# Forum > World of Warcraft > World of Warcraft General > WoW Items & Quests >  Legendary Hunter Bow !!

## HavinFun

Sunwell 25man-raid


S*unwell Plateau* is located on Sunwell Isle to the north of Eversong Woods[_citation needed_]. It is located within the Sunwell Grove or is the location of the grove. The area will be patched into the game after the raid-zone Zul'Aman.
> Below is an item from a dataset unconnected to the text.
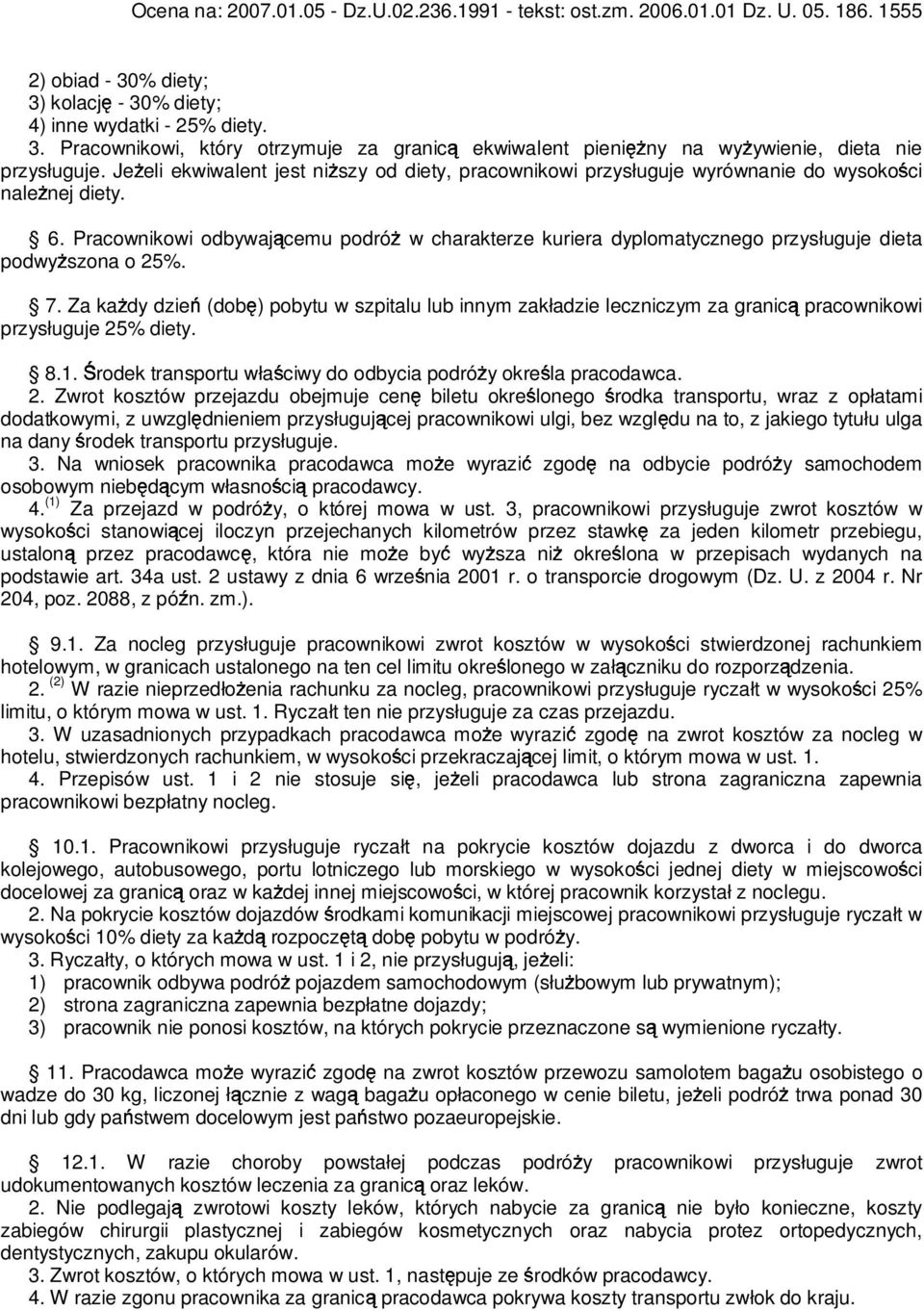 Pracownikowi odbywającemu podróŝ w charakterze kuriera dyplomatycznego przysługuje dieta podwyŝszona o 25%. 7.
It will consist of two wings, a 25-man raid and a 5-man instance with both normal and heroic modes. [1] Nevertheless, the instances will both most likely be outside, similar to other outdoor instances (Zul'Farrak and Zul'Gurub for example).


*Legendary bow*

Blizzard has said[_citation needed_] that a legendary bow for hunters will drop, currently has not released stats on it though. 




From Wowwiki.com. Get happy hunters  :Smile:

----------


## Dragonshadow

Woot!

Thanks for finding this.

----------


## HavinFun

:Smile:  Np, i think Hunters will be more usefull in raids now hehe

----------


## Bane.

*They probly are releasing this because of the warglaives being rogue/warr only. =p IM HAPPEHHHHH

-The Dude
*

----------


## tsizkeik

when can we get a legendary caster weapon ? :P :P :P

----------


## Loveshock

Thank God, now you hunters can stop QQing

----------


## Acespades

[ame="http://youtube.com/watch?v=n4TyqYsC26g"]YouTube - That's the World of Warcraft That You Play![/ame]

24 Seconds into it

----------


## Slippers

I heard about this pre-bc... Blizzard finally did it.

----------


## Zokmag

Yes! Finally i can get something legendary!
Hunters rules ffs!

----------


## Cal

Ace.. just.. why? That video fails..  :Frown:

----------


## Mr. Moose

Actually saw this bow on Modelviewer

----------


## Duplicity

Why not...A caster type?

I mean c'mon..Warrior, Rouge hunter...

----------


## ShamanGod

This is interesting thanks for the find  :Smile:  I will probley make a hunter soon.

----------


## Debt

> Why not...A caster type?
> 
> I mean c'mon..Warrior, Rouge hunter...


1. Its rogue, not rogue. Rouge is make-up.
2.Atiesh Greatstaff of the guardian has been here since beta, get witht the program already.

----------


## StopTheOncoming

Nice.

I'm just psyched that the Frostmourne is a Pally weapon! I mean it makes sense that it is but still. :P

----------


## cjpmunoz

lolololawlawlawlolcopters...what? Thunderfury wasn't good enough for hunters?!?!

----------


## -Lex



----------


## SuperNinjaBob

Too bad everything is a hunter weapon....

----------


## atomic hamster

Haha nice! Glad to see hunters finally get some legendary love :P

----------


## aflacattack

> Too bad everything is a hunter weapon....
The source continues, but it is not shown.